TIM BRESNAN has spoken of his surprise and delight after Yorkshire broke with recent tradition to name him as their new vice-captain.
Bresnan joins new captain Gary Ballance in a triple change at the top of the first team hierarchy, with Andrew Gale having recently been appointed coach.
Yorkshire have not had an official vice-captain for several seasons, with former captain Gale backed by an experienced group of senior players.
But Ballance wanted one of those players as his right-hand man and had no hesitation in plumping for Bresnan.
Speaking from Australia, where he is with Perth Scorchers preparing for their Big Bash final against Sydney Sixers on Saturday, Bresnan said: “Gary phoned me and said, ‘I’ve got to ask you something, mate, would you be vice-captain for me?’
“And I was like, ‘Yes, I’m over the moon’.
“It was a bit of a shock because we haven’t really named one over the past few years; it just came out of the blue.
“I never even thought that Gaz would be having one.
“It does make sense, though, if he gets called up for internationals.
“I’m immensely proud, and it will be great to work with him and Galey. I’ll just do whatever is required of me.”
Bresnan, 31, is a natural choice as an automatic selection in all three formats.
The all-rounder has vast experience and was Yorkshire’s player-of-the-year in 2016.
“Pretty much everyone in the team is in the senior leadership group as it is,” he explained.
“In the past five or six years, we’ve basically just done it like a Chinese parliament.
“We’ve talked through anything that was going wrong and how we were going to improve as a collective, and we’ve done everything as a group really.
“There’s never been any sort of group within that which has sat down separately to discuss things.”
The appointments of Gale and Ballance have created a fresh buzz around Headingley as the club embarks on another new era.
Yorkshire enjoyed great success under the previous coach/captain partnership of Jason Gillespie and Gale, and Bresnan is confident they can keep it going.
“I’m immensely excited for the new season,” he said.
“Whenever there’s change, some people are put off by it, whereas other people see change as a new challenge or chapter.
“I think that’s exactly what we’re going through and what we’ve got; Gaz is going to bring something a little bit different than what Andrew Gale did as captain, and Galey as coach is going to bring something different than what Dizzy (Gillespie) did.

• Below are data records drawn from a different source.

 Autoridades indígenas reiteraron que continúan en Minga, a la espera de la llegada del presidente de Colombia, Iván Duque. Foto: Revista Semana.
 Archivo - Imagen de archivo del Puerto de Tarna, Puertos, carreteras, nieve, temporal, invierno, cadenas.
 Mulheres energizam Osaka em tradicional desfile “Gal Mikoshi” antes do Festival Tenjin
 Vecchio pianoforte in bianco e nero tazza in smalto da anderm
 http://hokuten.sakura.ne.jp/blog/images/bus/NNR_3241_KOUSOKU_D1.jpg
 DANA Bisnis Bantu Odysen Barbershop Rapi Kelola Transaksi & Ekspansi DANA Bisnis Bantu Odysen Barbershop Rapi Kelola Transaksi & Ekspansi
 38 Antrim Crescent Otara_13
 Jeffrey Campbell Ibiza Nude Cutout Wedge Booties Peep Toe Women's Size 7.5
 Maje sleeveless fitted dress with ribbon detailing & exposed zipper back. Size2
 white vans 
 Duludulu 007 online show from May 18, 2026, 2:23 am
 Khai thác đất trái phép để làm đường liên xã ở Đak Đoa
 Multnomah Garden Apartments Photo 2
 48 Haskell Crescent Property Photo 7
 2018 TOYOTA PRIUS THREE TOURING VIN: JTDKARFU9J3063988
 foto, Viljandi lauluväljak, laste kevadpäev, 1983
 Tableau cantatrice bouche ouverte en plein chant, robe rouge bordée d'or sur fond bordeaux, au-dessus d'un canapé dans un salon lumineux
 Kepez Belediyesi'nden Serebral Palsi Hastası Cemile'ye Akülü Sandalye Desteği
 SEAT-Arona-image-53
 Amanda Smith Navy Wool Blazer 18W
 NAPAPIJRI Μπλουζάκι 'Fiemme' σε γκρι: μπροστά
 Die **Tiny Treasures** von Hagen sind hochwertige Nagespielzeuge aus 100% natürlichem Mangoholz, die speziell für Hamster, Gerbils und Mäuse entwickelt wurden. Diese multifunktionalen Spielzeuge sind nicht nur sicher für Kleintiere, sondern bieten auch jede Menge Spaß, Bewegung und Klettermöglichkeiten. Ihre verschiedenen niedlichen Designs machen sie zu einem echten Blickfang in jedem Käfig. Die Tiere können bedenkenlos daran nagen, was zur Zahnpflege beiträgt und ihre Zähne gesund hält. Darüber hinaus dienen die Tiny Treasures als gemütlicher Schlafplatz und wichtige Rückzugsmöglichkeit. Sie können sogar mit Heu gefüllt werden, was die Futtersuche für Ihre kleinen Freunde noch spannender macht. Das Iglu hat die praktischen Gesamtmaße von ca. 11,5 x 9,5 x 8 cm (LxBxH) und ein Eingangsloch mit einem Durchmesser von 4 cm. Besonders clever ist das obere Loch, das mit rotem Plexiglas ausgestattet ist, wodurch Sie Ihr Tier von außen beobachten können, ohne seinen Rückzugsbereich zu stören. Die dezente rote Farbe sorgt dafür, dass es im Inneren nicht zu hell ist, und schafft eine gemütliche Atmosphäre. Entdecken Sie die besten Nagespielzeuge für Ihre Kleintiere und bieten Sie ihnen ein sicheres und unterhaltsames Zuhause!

“Change is a good thing as long as you’re all pulling in the same direction, and I think we’ve got the right mix.”
Martyn Moxon, Yorkshire’s director of cricket, is a firm admirer of Bresnan’s qualities.
He believes he is the perfect choice to work with Ballance.
“Tim is a very experienced and mature cricketer and we’re seeing that now with both bat and ball,” said Moxon.
“With his experience of both domestic and international cricket, he’s the ideal vice-captain to work alongside Gary.
“Tim will have a very important role, particularly as that link between the players and the captain.
“As with Gary, he’s got the respect of the dressing room and he’s not afraid to say the harsh words when they need to be said and, at the same time, he is very supportive of his team-mates.”
Bresnan’s immediate focus is on trying to help Perth Scorchers win their third Big Bash title.
He joined them halfway through the tournament as a replacement for county team-mate David Willey, who is with the England team in India, although currently sidelined with a shoulder injury.
“I’m loving it,” said Bresnan.
“I’m having so much fun out there on the field, interacting with the fans and stuff, and I’ve had a really good welcome.
“We’re playing good cricket, and hopefully we’re peaking at the right time to win the final.
“Every time you walk on to the field you’re playing in front of a full house, and it’s just been immense.”
Asked what he could bring back to Yorkshire from his Big Bash experience, Bresnan quipped: “We do a thing called ‘beach recovery’, so I don’t think I’ll be bringing that back to Yorkshire.
“Basically, the day after our games or training session, we go down to the beach early in the morning, do a bit of a warm down, maybe run a few ‘k’s or a few shuttles and stuff, and blow the cobwebs off.
“Then we have a swim together in the ocean and have a spot of breakfast, and that’s part of the culture I’ve really enjoyed.
“Unless we’re in Scarborough, I don’t think we’ll be doing that (beach recovery) in Yorkshire,” he joked.